# YOUR TASK
Give back, exactly and with nothing added, the lines that run from the one containing "フェイエ上田綺世のゴール取り" to the final line below.

START MATERIAL FOR THIS EXERCISE

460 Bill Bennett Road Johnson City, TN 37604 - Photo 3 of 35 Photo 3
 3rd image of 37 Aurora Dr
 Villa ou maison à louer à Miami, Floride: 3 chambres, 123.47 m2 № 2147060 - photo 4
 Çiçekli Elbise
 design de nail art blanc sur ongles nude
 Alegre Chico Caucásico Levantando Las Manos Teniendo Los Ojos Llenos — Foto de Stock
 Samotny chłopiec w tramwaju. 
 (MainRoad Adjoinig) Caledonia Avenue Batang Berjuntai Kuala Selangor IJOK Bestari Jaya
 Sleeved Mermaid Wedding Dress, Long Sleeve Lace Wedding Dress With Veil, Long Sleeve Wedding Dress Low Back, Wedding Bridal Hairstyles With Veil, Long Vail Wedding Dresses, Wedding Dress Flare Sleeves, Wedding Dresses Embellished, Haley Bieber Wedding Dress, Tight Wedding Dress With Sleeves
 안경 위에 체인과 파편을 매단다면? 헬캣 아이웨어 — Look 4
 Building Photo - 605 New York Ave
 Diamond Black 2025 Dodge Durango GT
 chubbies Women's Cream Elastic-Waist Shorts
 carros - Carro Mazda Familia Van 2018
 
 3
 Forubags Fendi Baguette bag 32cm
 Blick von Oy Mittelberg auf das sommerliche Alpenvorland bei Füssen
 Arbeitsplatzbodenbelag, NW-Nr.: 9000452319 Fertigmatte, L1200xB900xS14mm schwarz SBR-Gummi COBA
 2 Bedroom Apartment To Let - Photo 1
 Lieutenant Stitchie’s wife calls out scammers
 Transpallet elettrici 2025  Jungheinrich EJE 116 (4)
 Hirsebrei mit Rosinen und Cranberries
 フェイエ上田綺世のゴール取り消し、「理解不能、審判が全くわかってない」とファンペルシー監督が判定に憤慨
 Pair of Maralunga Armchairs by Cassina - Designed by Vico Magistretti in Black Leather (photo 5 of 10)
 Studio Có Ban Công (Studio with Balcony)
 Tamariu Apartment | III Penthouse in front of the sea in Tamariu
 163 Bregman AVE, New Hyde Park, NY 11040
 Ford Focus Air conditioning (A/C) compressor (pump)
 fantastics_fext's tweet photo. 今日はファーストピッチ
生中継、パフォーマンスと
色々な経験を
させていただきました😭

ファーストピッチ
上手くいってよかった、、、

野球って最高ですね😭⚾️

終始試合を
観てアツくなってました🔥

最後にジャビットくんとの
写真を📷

END MATERIAL FOR THIS EXERCISE

# WRITTEN SOLUTION
 フェイエ上田綺世のゴール取り消し、「理解不能、審判が全くわかってない」とファンペルシー監督が判定に憤慨
 Pair of Maralunga Armchairs by Cassina - Designed by Vico Magistretti in Black Leather (photo 5 of 10)
 Studio Có Ban Công (Studio with Balcony)
 Tamariu Apartment | III Penthouse in front of the sea in Tamariu
 163 Bregman AVE, New Hyde Park, NY 11040
 Ford Focus Air conditioning (A/C) compressor (pump)
 fantastics_fext's tweet photo. 今日はファーストピッチ
生中継、パフォーマンスと
色々な経験を
させていただきました😭

ファーストピッチ
上手くいってよかった、、、

野球って最高ですね😭⚾️

終始試合を
観てアツくなってました🔥

最後にジャビットくんとの
写真を📷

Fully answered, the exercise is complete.